Looker Blog : Data Matters

The Reusability Paradigm of LookML

Joshua Moskovitz, Analyst

Apr 10, 2014

Quick Reiteration of Metric Calculations for Powerful Data Exploration

At Looker, we want to make it easier for data analysts to service the needs of the data-hungry users in their organizations. We believe too much of their time is spent responding to ad hoc data requests and not enough time is spent building, experimenting, and embellishing a robust model of the business. Worse yet, business users are often starving for data, but are forced to make important decisions without access to data that could guide them in the right direction.

Looker addresses both of these problems with a YAML-based modeling language called LookML. With LookML, you build your business logic, defining your important metrics once and then reusing them throughout a model. That means you can unleash them on your business users to manipulate, iterate, and transform in any way they see fit.

A key difference of LookML is that, unlike older approaches, it combines modeling, transformations, and derivations at the same layer (late-binding modeling). This allows vast amounts of data to be captured in relatively inexpensive databases (mirrored or copied), and then derivations and transformations occur much closer to, or at, query time. The traditional approach is to transform the data as it’s loaded (ETL), whereas LookML allows for transform and derivation on demand (ELT). The result is a very agile data environment where user questions can change and the data environment can better keep up.

E-commerce — Starting with Total Cost of Order

Let’s take a look at a simple e-commerce example. I’ll show how we can create a dimension, the Total Cost of Order, which can be reused and built on throughout a single LookML model.

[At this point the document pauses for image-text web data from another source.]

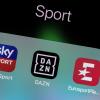 Eurosport hat die Rechte für die Freitags- sowie zehn Sonntags- und Montagsspiele an DAZN sublizenziert.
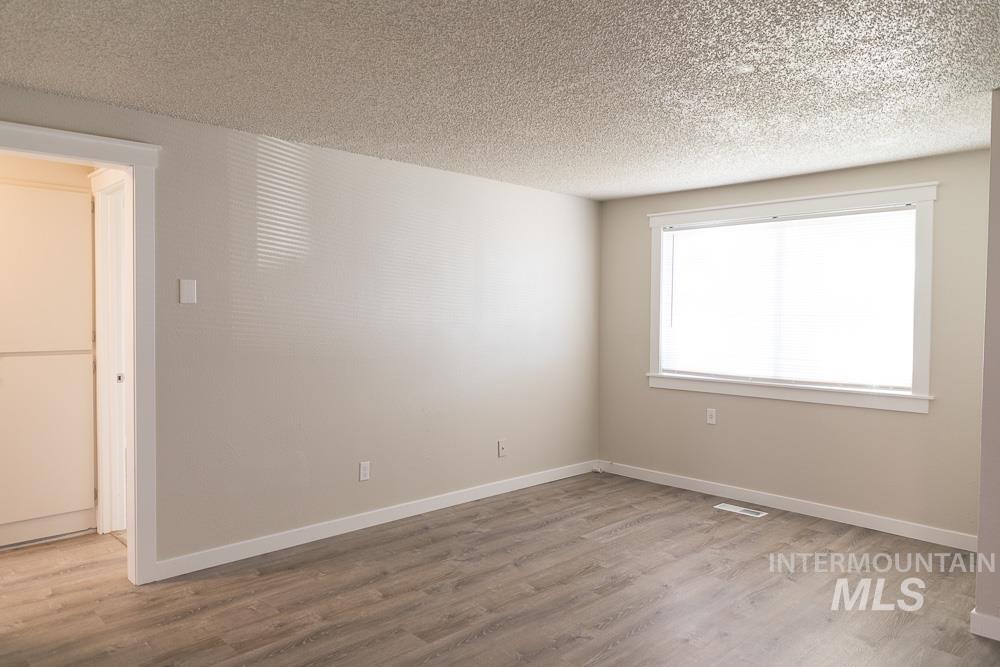 1133 Fortner #8, Ontario, Oregon 97914, 3 Bedrooms, 1 Bathroom, Rental For Rent, Price $1,555, 98951363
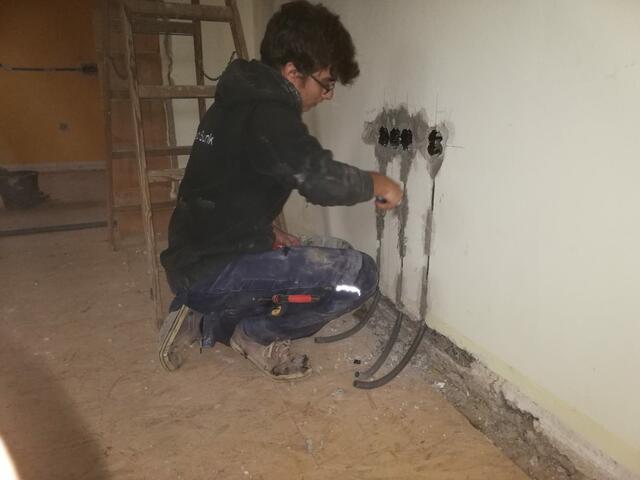 B. Tiefenbacher ist im 4. Lehrjahr (Foto vor Corona) | Foto: Elektro Sunk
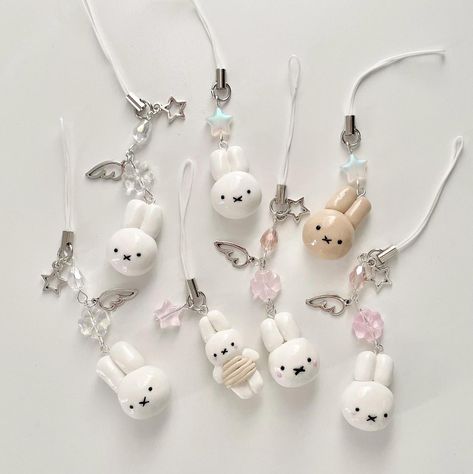 Miffy Polymer Clay, Polymer Clay Phone Charms, Miffy Clay Charm, Clay Charms Ideas, Diy Clay Charms, Small Present Ideas, Clay Charms Diy, Miffy Charm, Miffy Clay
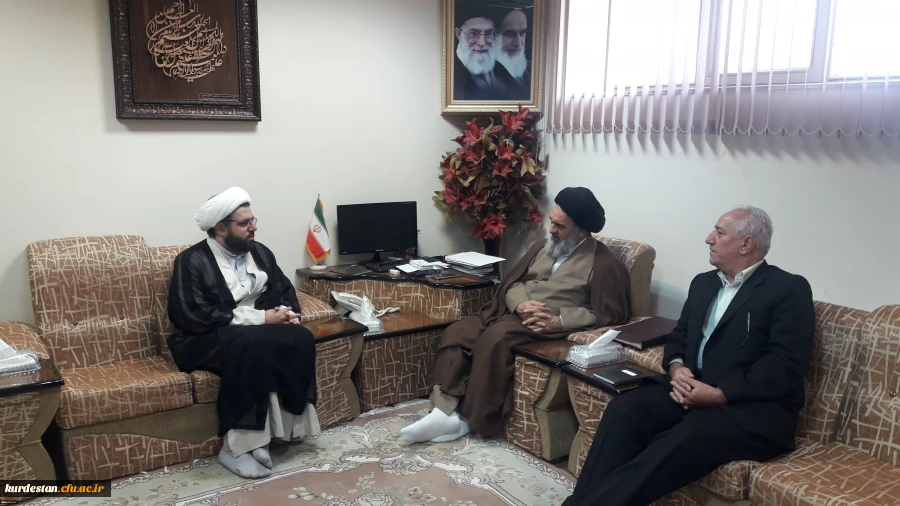 در محل دفتر حضرت آیت الله حسینی شاهرودی انجام شد ؛

دیدار دکتر معروفی با نماینده ولی فقیه در استان کردستان 3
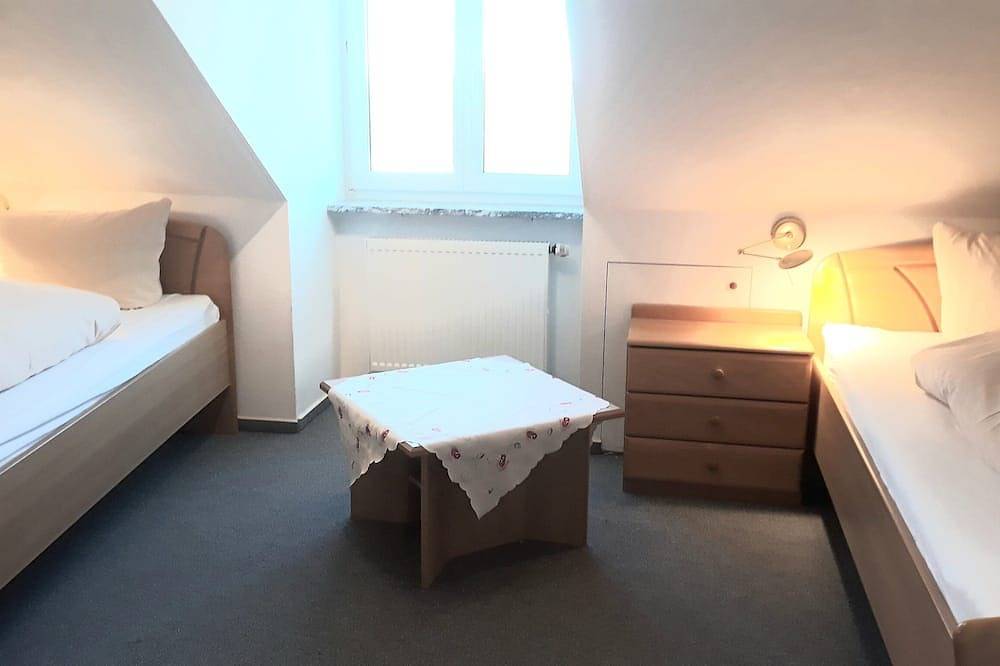 Ganze Wohnung, Ferienwohnung mit 2 Schlafzimmern, Balkon und Panoramablick direkt am Waldrand in Naila, Landkreis Hof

First, a quick primer on a typical e-commerce data model, which will help us answer questions about the buying and selling of items online. In our example, we’ll work with a subset of tables: Orders, Order Items, and Inventory Items. As a business that tracks Orders, it’s probably important for us to determine the distribution of our customers’ orders based on cost. In our current Orders table, we don’t have a field that tells us the cost of an order, because each order contains multiple items of varying costs. So we need to calculate a cost of an order by summing over the sale prices of the items in the order.

Orders table

id created_at user_id
1 2014-04-01 5656
2 2014-04-01 7269

Order Items  table

id created_at order_id inventory_item_id sale_price
1 2014-04-01 5656 3 $12
2 2014-04-03 7263 5 $45

Inventory Items  table

id created_at cost sold_at product_id
3 2014-04-01 $8.50 2014-04-05 5
6 2014-04-02 $24.00 2014-04-04 7

Suppose we want to calculate a new dimension for Orders that will determine the Total Cost of an Order. In this case, the field is not stored in our database, but can be calculated from the sale price of order items in the order. The technique we will use here is a correlated subquery, a simple and easy approach. (Looker supports more complicated and powerful mechanisms via derived tables for databases that do not support this feature or when performance becomes a problem. We'll cover derived tables in a future post.)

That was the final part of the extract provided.